__PROVIDED MATERIAL__:
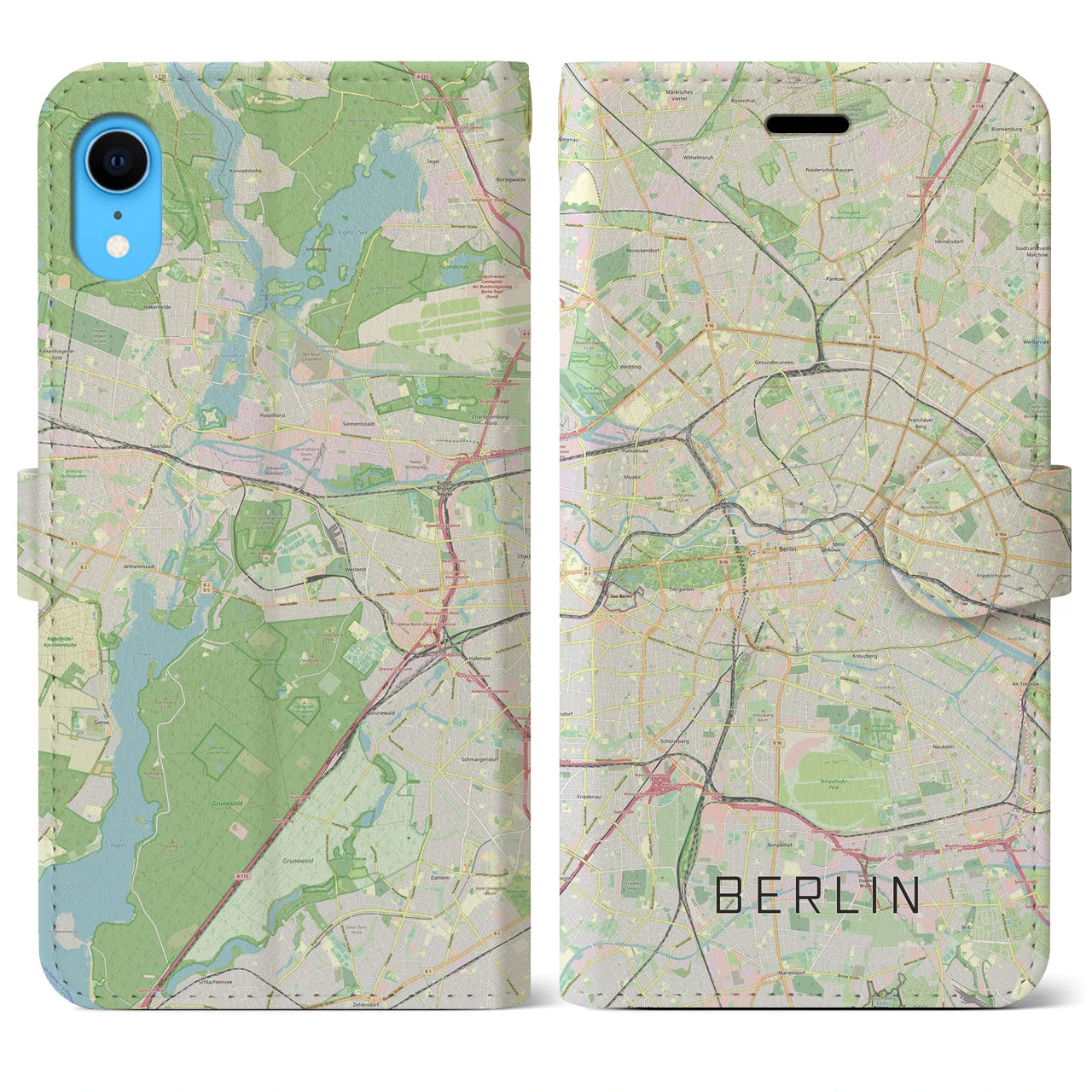 【ベルリン】地図柄iPhoneケース（手帳両面タイプ・ナチュラル）iPhone XR 用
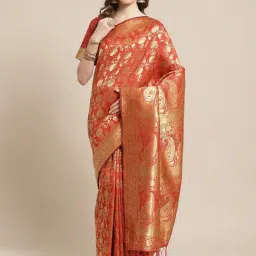 Readiprint Fashions Red Woven Saree With Blouse-image-46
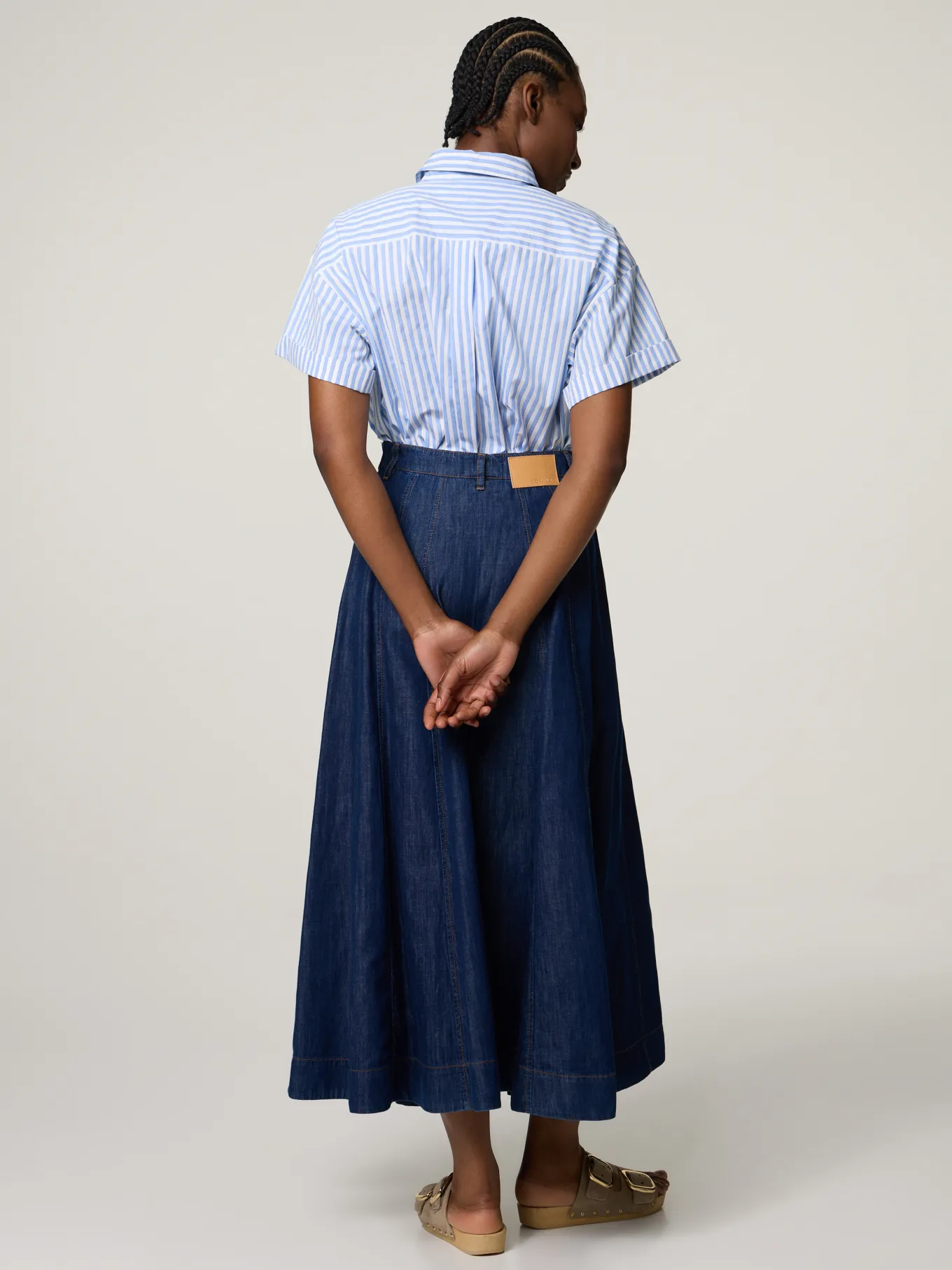 Midijupe aus Denim ALBATA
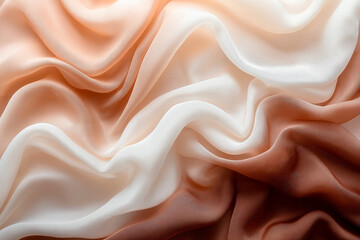 Obraz premium Arrangement of wave fabrics with textile texture, abstract background in the color palette of brown, beige and orange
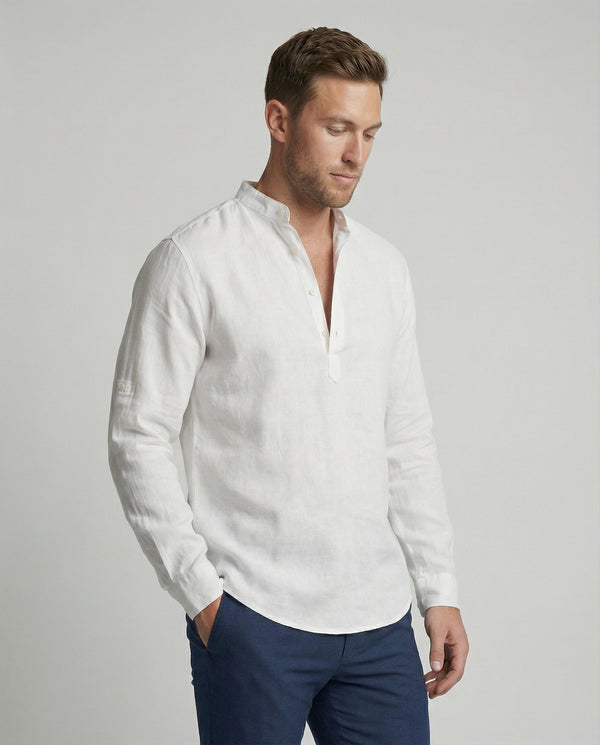 Stehkragenhemd Herren Atmungsaktiv Leichtes Sommerhemd für Freizeit & Urlaub aus Soft-Gewebe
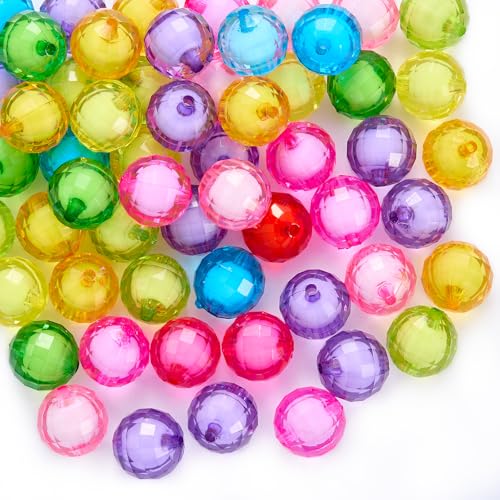 Ornaland 45~50 Pcs Acrylic Crystal Beads for Jewelry Making Bulk Transparent Round Facets 20mm Colorful Crystal Beads for Bracelets Earrings Necklaces DIY Crafts - size: 20mm-c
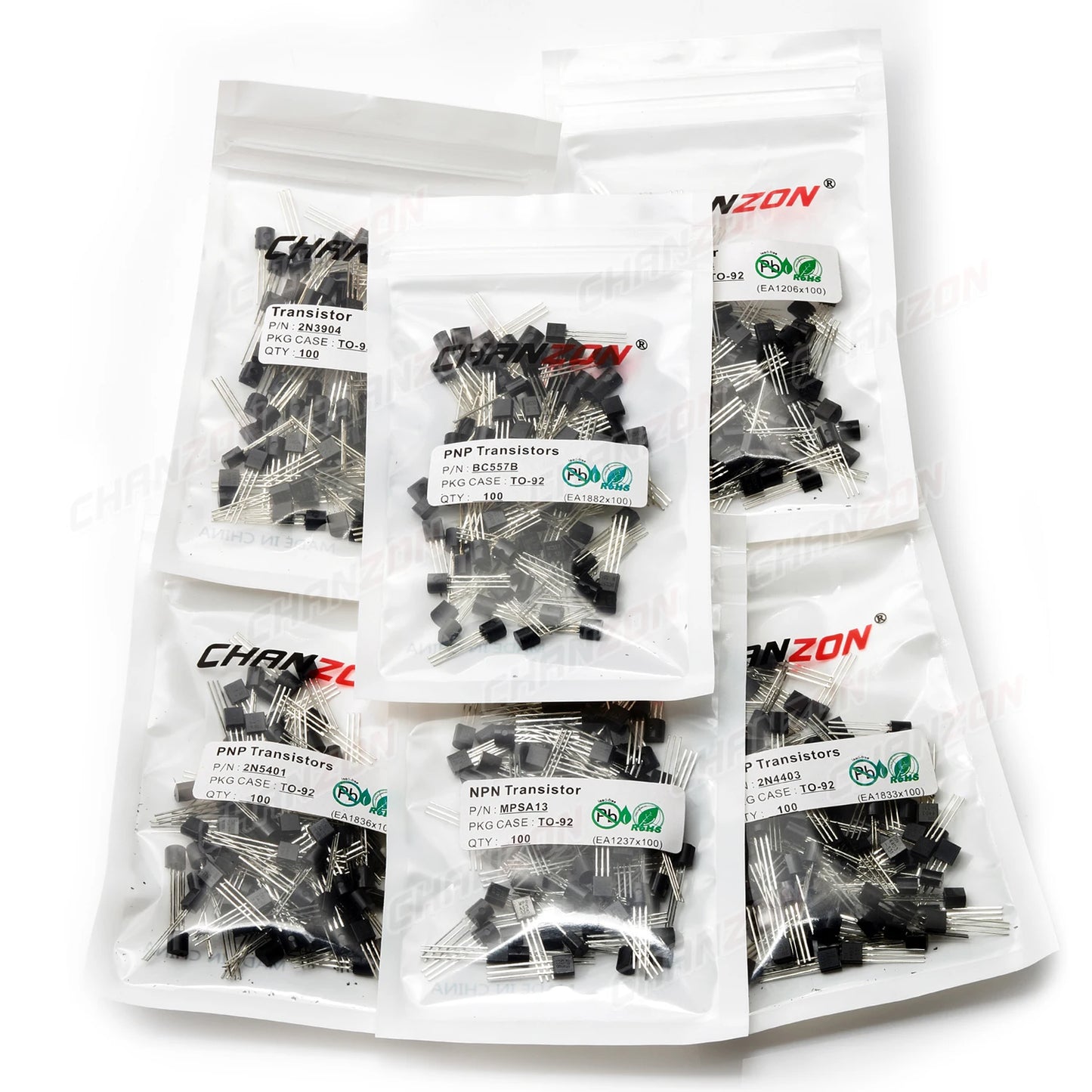 TO-92-Transistor NPN PNP, Bc547, 2N3904, 2N7000, 2N2222A, 2N5551, 2N3906, Bc3ino B, Bc557B, S8050, S8550, 2N5401, Bc547B, 2N4401, 2Sa1015, 100 pièces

__WHAT NEEDS TO BE DONE__: Only the records are wanted, copied exactly, with the pictures dropped.

__ANSWER BELOW__:
 【ベルリン】地図柄iPhoneケース（手帳両面タイプ・ナチュラル）iPhone XR 用
 Readiprint Fashions Red Woven Saree With Blouse-image-46
 Midijupe aus Denim ALBATA
 Obraz premium Arrangement of wave fabrics with textile texture, abstract background in the color palette of brown, beige and orange
 Stehkragenhemd Herren Atmungsaktiv Leichtes Sommerhemd für Freizeit & Urlaub aus Soft-Gewebe
 Ornaland 45~50 Pcs Acrylic Crystal Beads for Jewelry Making Bulk Transparent Round Facets 20mm Colorful Crystal Beads for Bracelets Earrings Necklaces DIY Crafts - size: 20mm-c
 TO-92-Transistor NPN PNP, Bc547, 2N3904, 2N7000, 2N2222A, 2N5551, 2N3906, Bc3ino B, Bc557B, S8050, S8550, 2N5401, Bc547B, 2N4401, 2Sa1015, 100 pièces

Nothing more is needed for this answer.